How to More Precisely Estimate Total Cost of Ownership
To help your organization estimate the total cost of ownership for a new technology platform, let's look at how to structure your estimates, why these costs are essential, and where deeper due diligence can prevent underestimating or missing key items.
For starters, you'll want to create a timeline to organize your costs, as each of these will hit at different periods. The easiest way to do this is in a spreadsheet with Excel or Google Sheets.
In the first column, list what the associated costs are (e.g. core platform licensing, training program fees, etc); refer to this newsletter for a variety of those costs.
Starting in the second column, have a header that starts with the first year in which costs will hit (i.e. likely the current year) and continue this for subsequent columns.
You'll now have a matrix to populate estimated costs by type (row) and year (column).
Using that structure helps you see when each cost will impact your budget and help those in finance and accounting plan cash flow.

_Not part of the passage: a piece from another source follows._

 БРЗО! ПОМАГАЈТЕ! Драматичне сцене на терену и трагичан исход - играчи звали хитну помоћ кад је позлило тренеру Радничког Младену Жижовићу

At a bare minimum, here's why you want to have each of these costs represented in your spreadsheet:
Core platform licensing: ensuring that you have the right products or services is critical, especially if your platform's vendor has rigid contractual terms to prevent swapping or reductions
Initial setup and implementation fees: you can't start using your platform until it's ready, which means configuring and integrating it into your organization's processes and technology stack
Third party apps or services licensing: these are necessary to fill gaps in functionality of the core platform (e.g. branded proposal generation), connect to your other systems (e.g. integration platforms), and manage high-risk, low-probability events (e.g. data backup services)

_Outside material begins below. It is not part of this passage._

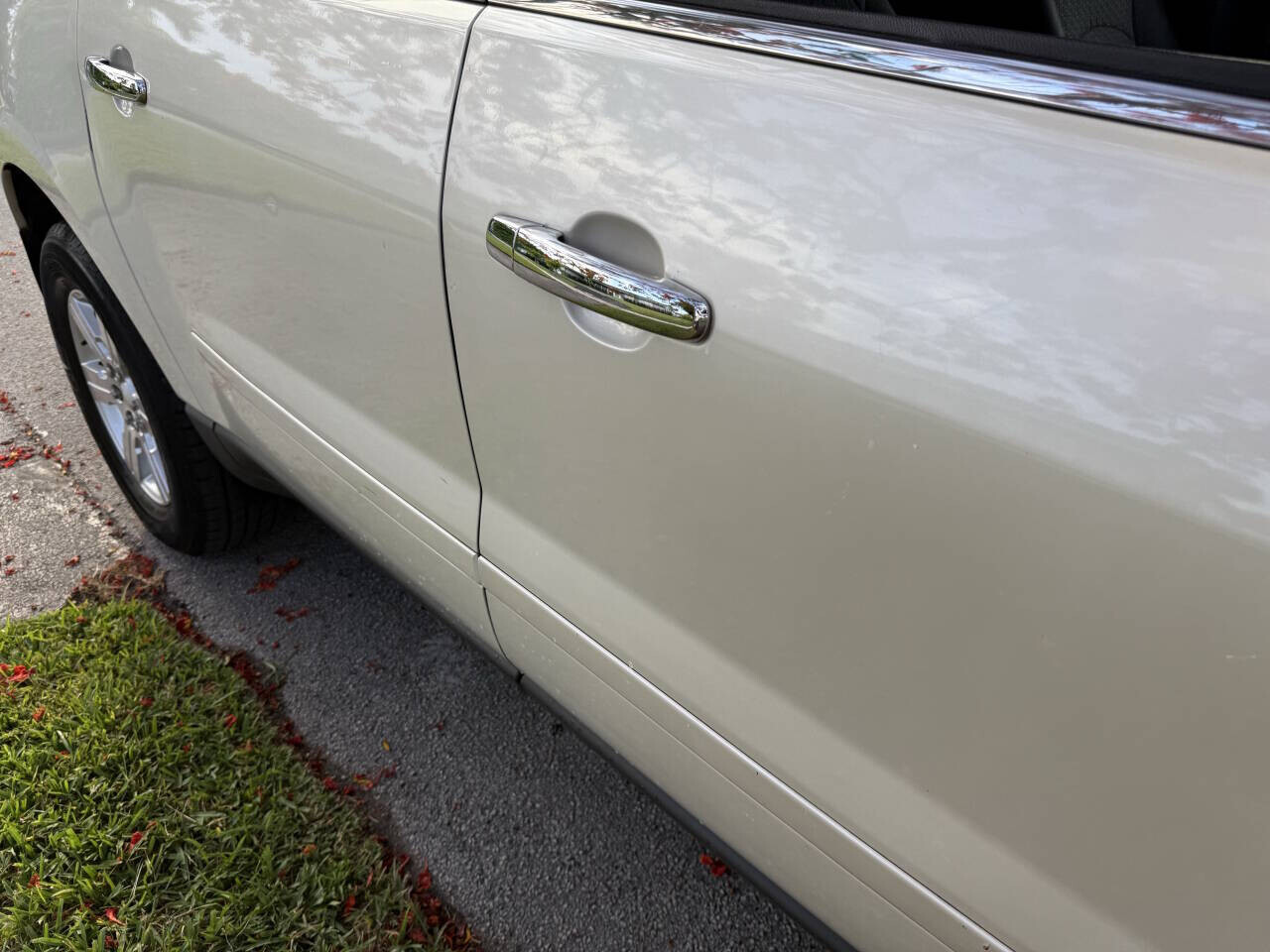 2012 Chevrolet Traverse in Hollywood, FL 33023-1906 - 18023562 24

Training program fees: ensuring your employees are aware of the new platform's features and functionality is a requirement, regardless if you intend to leverage a managed services vendor, as you should have a working knowledge to plan and vet vendors
Support or maintenance fees: assumptions are often made that things will run smoothly and that your organization's employees are able to manage support and maintenance
Hiring new employees: if you're intending to be independent or codependent for supporting the platform, you'll likely need to hire new employees with expertise in addition to training existing employees
Despite including those costs in your plan, some are often underestimated. Let's explore where you'll want to do extra diligence:
Core platform licensing is underestimated when price increases at renewal are not included in the timeline
Initial setup and implementation fees is often underestimated in both budget and time, resulting in higher expenses over a longer timeline; consider padding these estimates by 20% to 100%
Third party apps or services licensing are often wildly underestimated, as assumptions are made that the core platform can fully satisfy use cases or rushing to make a decision without understanding the full scope of what is needed
Training program fees and hiring new employees are typically underestimated or entirely missing, which means your organization will end up with higher explicit costs (e.g. support or maintenance fees) and implicit costs (e.g. productivity loss as employees supporting the platform need time to train themselves)
If you're unsure about how to estimate these items, proactively seek guidance from each of these groups to inform your estimates:
Platform vendor's sales and customer success teams
Vendors involved in consulting, implementing, or providing managed services
Independent professionals from your network
Independent professionals without a vested interest can provide a more objective view on estimated costs, which balances any misaligned incentives that you may have with those first two groups.
TLDR: More precisely estimated total cost of ownership by mapping costs over time, plus increased renewal fees, third-party apps, training, and staffing.